*What is being asked*. The full listing below should be returned without a single change.

*Data*.
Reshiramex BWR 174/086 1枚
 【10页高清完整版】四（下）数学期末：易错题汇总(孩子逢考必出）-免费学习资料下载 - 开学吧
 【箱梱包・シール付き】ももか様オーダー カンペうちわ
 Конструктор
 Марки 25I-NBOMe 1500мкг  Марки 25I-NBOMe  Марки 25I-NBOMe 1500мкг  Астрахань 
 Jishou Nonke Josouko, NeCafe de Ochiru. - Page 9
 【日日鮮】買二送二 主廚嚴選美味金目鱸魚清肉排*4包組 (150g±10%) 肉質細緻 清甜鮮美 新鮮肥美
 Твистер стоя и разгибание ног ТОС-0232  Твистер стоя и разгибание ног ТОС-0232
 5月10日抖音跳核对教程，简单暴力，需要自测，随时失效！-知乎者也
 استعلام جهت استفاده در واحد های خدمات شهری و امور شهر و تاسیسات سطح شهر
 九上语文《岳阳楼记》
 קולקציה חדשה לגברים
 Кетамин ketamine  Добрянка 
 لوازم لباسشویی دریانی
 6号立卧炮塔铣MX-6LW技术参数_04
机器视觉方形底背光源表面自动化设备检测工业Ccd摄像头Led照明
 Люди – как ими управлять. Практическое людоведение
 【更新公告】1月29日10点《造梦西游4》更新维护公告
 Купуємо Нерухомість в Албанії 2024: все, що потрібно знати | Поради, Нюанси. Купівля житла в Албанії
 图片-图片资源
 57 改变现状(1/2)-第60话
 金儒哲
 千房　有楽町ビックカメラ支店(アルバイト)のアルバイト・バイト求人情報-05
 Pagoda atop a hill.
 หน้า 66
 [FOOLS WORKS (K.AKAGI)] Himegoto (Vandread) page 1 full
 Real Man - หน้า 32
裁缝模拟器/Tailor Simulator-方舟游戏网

*Written solution*.
Reshiramex BWR 174/086 1枚
 【10页高清完整版】四（下）数学期末：易错题汇总(孩子逢考必出）-免费学习资料下载 - 开学吧
 【箱梱包・シール付き】ももか様オーダー カンペうちわ
 Конструктор
 Марки 25I-NBOMe 1500мкг  Марки 25I-NBOMe  Марки 25I-NBOMe 1500мкг  Астрахань 
 Jishou Nonke Josouko, NeCafe de Ochiru. - Page 9
 【日日鮮】買二送二 主廚嚴選美味金目鱸魚清肉排*4包組 (150g±10%) 肉質細緻 清甜鮮美 新鮮肥美
 Твистер стоя и разгибание ног ТОС-0232  Твистер стоя и разгибание ног ТОС-0232
 5月10日抖音跳核对教程，简单暴力，需要自测，随时失效！-知乎者也
 استعلام جهت استفاده در واحد های خدمات شهری و امور شهر و تاسیسات سطح شهر
 九上语文《岳阳楼记》
 קולקציה חדשה לגברים
 Кетамин ketamine  Добрянка 
 لوازم لباسشویی دریانی
 6号立卧炮塔铣MX-6LW技术参数_04
机器视觉方形底背光源表面自动化设备检测工业Ccd摄像头Led照明
 Люди – как ими управлять. Практическое людоведение
 【更新公告】1月29日10点《造梦西游4》更新维护公告
 Купуємо Нерухомість в Албанії 2024: все, що потрібно знати | Поради, Нюанси. Купівля житла в Албанії
 图片-图片资源
 57 改变现状(1/2)-第60话
 金儒哲
 千房　有楽町ビックカメラ支店(アルバイト)のアルバイト・バイト求人情報-05
 Pagoda atop a hill.
 หน้า 66
 [FOOLS WORKS (K.AKAGI)] Himegoto (Vandread) page 1 full
 Real Man - หน้า 32
裁缝模拟器/Tailor Simulator-方舟游戏网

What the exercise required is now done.